Nest of vipers? Heck yeah. Got bit this time...our fault. You get bit again, it's your fault...
 

Dan Armbruster (Dan_armbruster)
New Member
Username: Dan_armbruster

Post Number: 13
Registered: 04-2003
Posted on Saturday, April 05, 2003 - 10:49 am:   Edit Post Delete Post Print Post

If you're looking for a racecar buy a porsche, it is after all a land rover.
 

Kennith P. Whichard III (Kennith)
Senior Member
Username: Kennith

Post Number: 298
Registered: 05-2002
Posted on Saturday, April 05, 2003 - 11:29 pm:   Edit Post Delete Post Print Post

OK,

Drop in a K&N air filter, as well as Bosch platinum +4s. Gasoline is a huge player as well, get as close to 95 octane as you can, Sunoco sells 94.

There was a thread titled something like low speed, in which I explained to an indevidual how to drive a Disco II fast. Stock, you have an extremely fast SUV there, she just has to be rubbed right before the leg will start to shake, know what I mean?

At high speeds on the highway, you can keep her stable as well. You want to make smooth, slightly decreasing radius turns above 80mph. I'm not saying to speed simply because you can, I'm simply illustrating the capabilities of your vehicle so you know your boundries and how it can perform. Your Disco II will reach 120mph in stock form before an electronic limiter kills the accelerator. With throttle modulation, you can peg the RPM guage. Otherwise, it will shift in it's powerband.

Keep it in sport mode all the time, as you never know when you will need that kick in the pants (especially in the city). The difference in the modes at high RPMs is dramatic.

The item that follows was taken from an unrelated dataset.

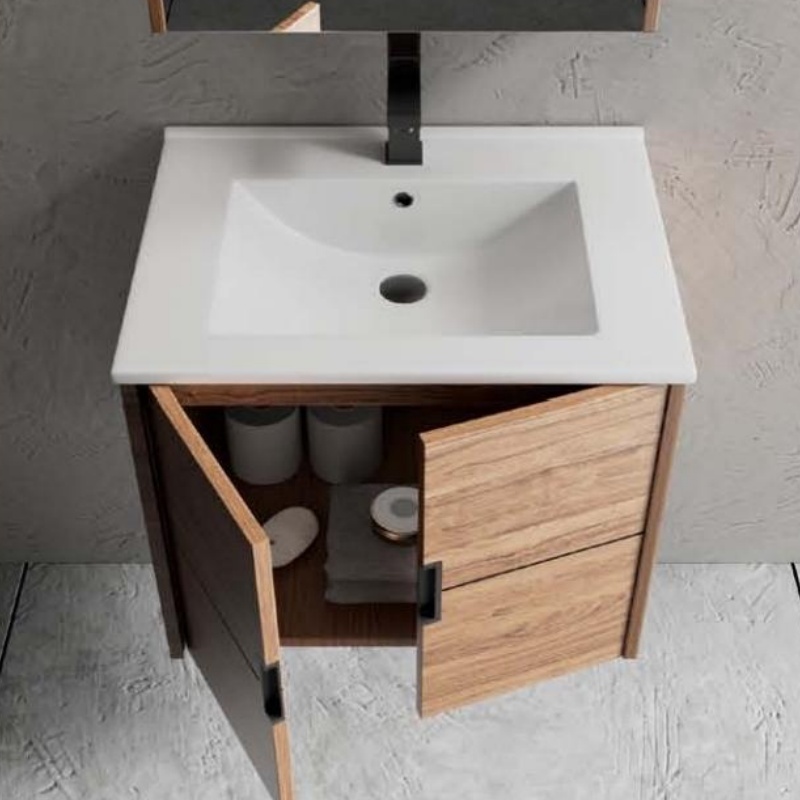 50cm Small Bathroom Sanitary Ware Furniture Aviation Board PVC Bathroom Cabinet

The tires you want for speed driving are the Michelin tires seen on most all of the new rovers. They handle beautifully.

Anyway,

Cheers,

Kennith
 

Chris Marcel (Gumarcel)
Member
Username: Gumarcel

Post Number: 201
Registered: 11-2002
Posted on Saturday, April 05, 2003 - 11:42 pm:   Edit Post Delete Post Print Post

wow the d2 can make it up to 120?!! I have maxed out my D1 at about 105, it wouldn't go any faster!!

Marcel
 

Kennith P. Whichard III (Kennith)
Senior Member
Username: Kennith

Post Number: 299
Registered: 05-2002
Posted on Sunday, April 06, 2003 - 03:41 am:   Edit Post Delete Post Print Post

Yeah,

It will do 120. With just the right amount of throttle it will cruise at 90. 70-85 is comfort range on long interstate roads. It is all irrelevant, though, as the only purpose of the higher top speed is an increased comfort cruising speed.

Cheers,

Kennith
 

Greg French (Gregfrench)
Senior Member
Username: Gregfrench

Post Number: 319
Registered: 11-2002
Posted on Sunday, April 06, 2003 - 10:12 am:   Edit Post Delete Post Print Post

Magnecore wires helped my performance. And my truck's!
 

Will Roeder (Will_roeder)
Senior Member
Username: Will_roeder

Post Number: 611
Registered: 02-2002
Posted on Sunday, April 06, 2003 - 10:48 am:   Edit Post Delete Post Print Post

a few inexpensive things that helped my performance a little in my D1:
flowmaster muffler
Magnecor wires
NGK spark plugs
K&N air filter (dont over-oil it any you are fine...)

my. $0.02
 

Roland Kutasi (Disco1)
New Member
Username: Disco1

Post Number: 40
Registered: 10-2002
Posted on Sunday, April 06, 2003 - 08:34 pm:   Edit Post Delete Post Print Post

Basically it's all relative! The more power you want.....the more money it costs.
 

Scott Scott (Scottoz)
New Member
Username: Scottoz

Post Number: 28
Registered: 02-2003
Posted on Monday, April 07, 2003 - 12:41 am:   Edit Post Delete Post Print Post

Drive in more dense environments - you want more oxygen in the air. Also try to drive only when its is raining - the air is denser and colder and that is fantastic for the engine. Also try increasing tire pressures and driving on only very well finished tarmac. Having read the other posts on top speed can I just add that I reccomend on doing forearm exercises to enable you to grip the wheel a little harder.

Cheers
 

Mike J. (Mudd)
Member
Username: Mudd

Post Number: 97
Registered: 02-2002
Posted on Monday, April 07, 2003 - 01:15 am:   Edit Post Delete Post Print Post

Yea, right,
do leg exercises so you can push the pedal harder.
 

Burton Short (Burton)
New Member
Username: Burton

Post Number: 3
Registered: 04-2003
Posted on Monday, April 07, 2003 - 09:08 am:   Edit Post Delete Post Print Post

Sorry for the post guys, didn't realize I was beating a dead horse. Like I said I was just wondering about getting a little more pull from 45 - 55. I'm not trying to build a hot rod, don't need to drive 120. I know what type of vehicle I've got and what it was made to do, that's the primary reason I got it. Spends 45 - 60 days off road (beaches and mountains) and I wouldn't trade it for any other vehicle on the road. In the future I'll take my questions to another forum. Thanks for the helpful post Noee, Jmoore, and Will.
 

Peter Matusov (Pmatusov)
Senior Member
Username: Pmatusov

Post Number: 631
Registered: 09-2002
Posted on Monday, April 07, 2003 - 12:05 pm:   Edit Post Delete Post Print Post


quote:

Drop in a K&N air filter, as well as Bosch platinum +4s. Gasoline is a huge player as well, get as close to 95 octane as you can, Sunoco sells 94.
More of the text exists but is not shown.